> PROBLEM REQUIREMENTS
The pictures are to be dropped, and the records below are to be restated word for word.

> INPUT RECORDS
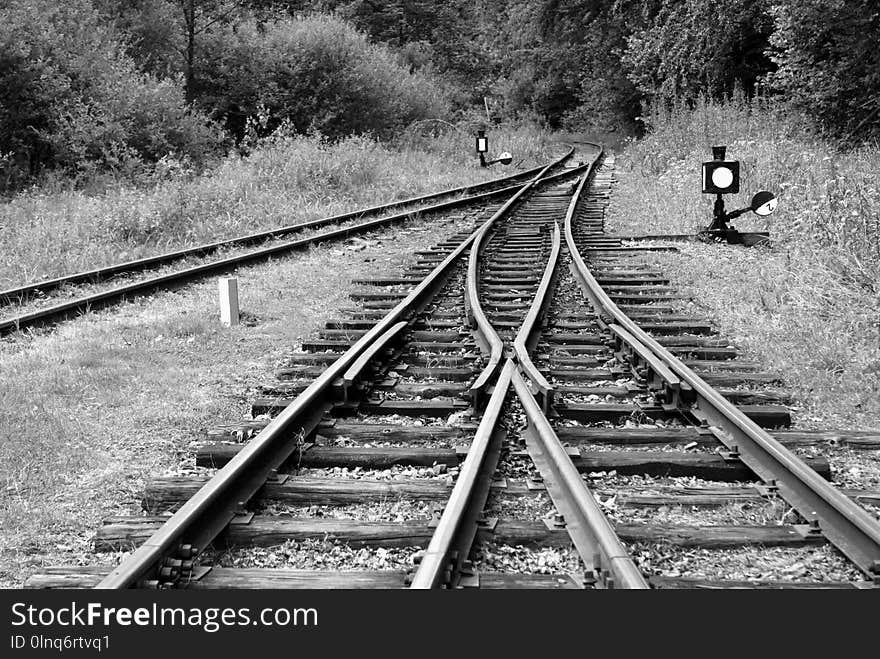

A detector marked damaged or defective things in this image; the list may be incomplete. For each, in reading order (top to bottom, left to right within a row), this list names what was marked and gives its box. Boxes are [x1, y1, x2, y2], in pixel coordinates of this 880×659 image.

rusty steel rail [0, 159, 568, 308]
rusty steel rail [410, 358, 516, 592]
rusty steel rail [512, 368, 648, 592]
rusty steel rail [564, 146, 880, 584]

> REPLY TO THE EXERCISE
A detector marked damaged or defective things in this image; the list may be incomplete. For each, in reading order (top to bottom, left to right within a row), this list names what was marked and gives its box. Boxes are [x1, y1, x2, y2], in pixel coordinates of this 880×659 image.

rusty steel rail [0, 159, 568, 308]
rusty steel rail [410, 358, 516, 592]
rusty steel rail [512, 368, 648, 592]
rusty steel rail [564, 146, 880, 584]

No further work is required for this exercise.